Herewith ten miscellaneous thoughts in the form of bullet points (focused almost entirely on candidates rather than issues) amounting to footnotes on the midterm elections.

• I would like to hold myself accountable for my comments on yesterday’s races over the past several months. I hope to have informed readers with fact-based analysis rather than misled you with wishful thinking or hopes and fears. If you think I led you astray, I’d appreciate hearing from you via our Email Us link at the top of the page.

• I commented on the Senate races in a series of posts under the heading “Save the Senate.” I would like to note Josh Hawley’s victory over the wily and deceptive Claire McCaskill in Missouri. This time around, she was unable to choose her Republican opponent. I met him this past January and found him to be a brilliant and extraordinarily impressive candidate. At the age of 38, he is a star in the making.
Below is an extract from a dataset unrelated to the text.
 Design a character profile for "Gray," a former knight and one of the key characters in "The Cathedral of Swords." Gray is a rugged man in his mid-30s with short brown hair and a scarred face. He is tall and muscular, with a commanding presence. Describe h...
• I previewed the North Dakota Senate race in “Not high on Heitkamp” after I met Rep. Kevin Cramer, Heitkamp’s opponent, in Minneapolis. I liked him immensely. He is what he appears to be, a forthcoming and decent man who is also a knowledgeable supporter of the American alliance with Israel. I am thrilled that he prevailed over Heitkamp.

• Saturday Night Live disgraced itself with a supposed (but certainly disgusting) joke at the expense of wounded former Navy SEAL and Texas congressional candidate Dan Crenshaw. The Daily Caller reports that Crenshaw won big.
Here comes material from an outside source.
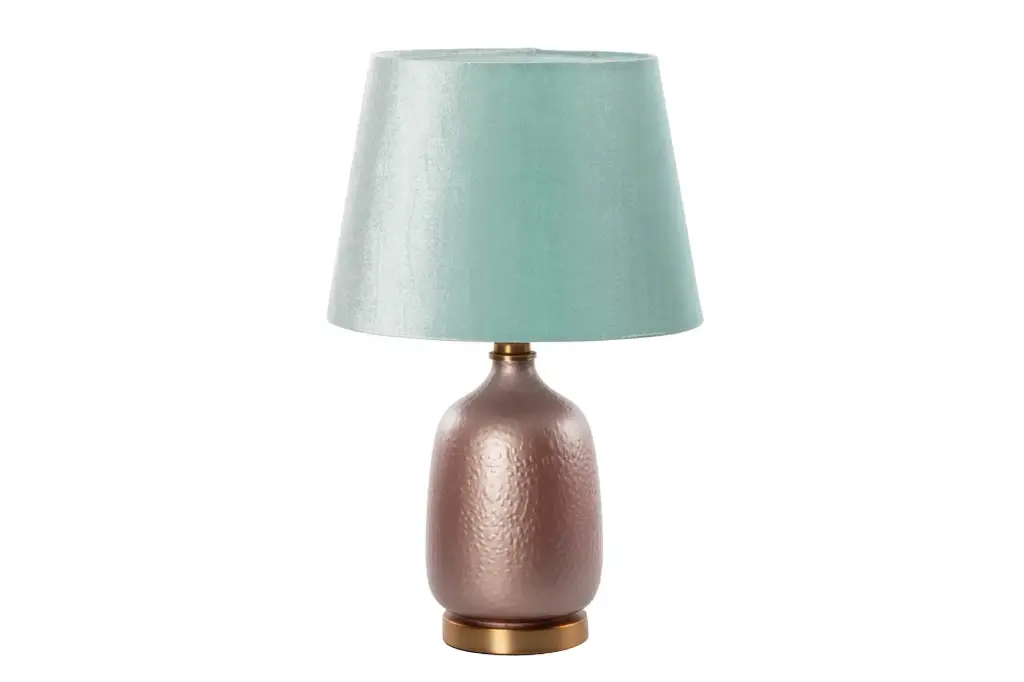 [046217] GLASS TABLE LAMP 30x30x58 CM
• As I write, Republicans seem to have done about as well as could reasonably have been hoped in the Senate races. How did they do it? Burgess Everett and James Arkin take a look in the Politico story “‘Pretty ballsy’: How McConnell and Trump blew away Senate Democrats.”

• In one of the night’s biggest disappointments, John James lost narrowly in Michigan to Debbie Stabenow. He was by far the superior candidate. We need his like in Congress. I hope he will return as a candidate in the 2020 cycle. Next time around we will know to jump on board early.
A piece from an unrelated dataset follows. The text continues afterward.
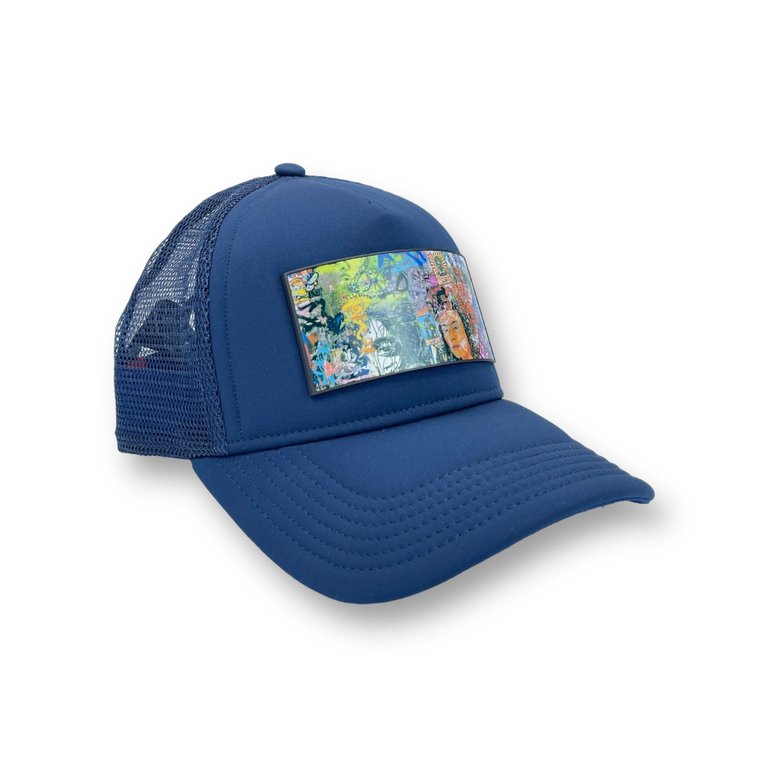 Icon Art Removable Trucker Hat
• In another of last night’s biggest disappointments, Republican candidate Elizabeth Heng lost by nine points to incumbent Democrat Jim Costa in California’s 16th Congressional District. We jumped on board early but it wasn’t enough.

• Scott Walker had a great run as governor of Wisconsin over the past eight years. By any reasonable reckoning he deserved reelection, but he fell short the third time around. I am grateful for his demonstration of how much good state policy can accomplish under steadfast leadership.

• I think the man with the best name on the ballot yesterday was Oregon gubernatorial candidate Knute Buehler. He was also by far the superior candidate in his race against incumbent Kathleen Brown. Mark Hemingway previewed the race in the Weekly Standard article “Surprisingly competitive.” I hope Knute Buehler will take another whack at it as well.

• Tom Lifson chronicles MSNBC’s various equipment malfunctions covering Florida’s Gillum-DeSantis gubernatorial election last night.

That makes ten points, I think, which is where I would like to leave it for the moment.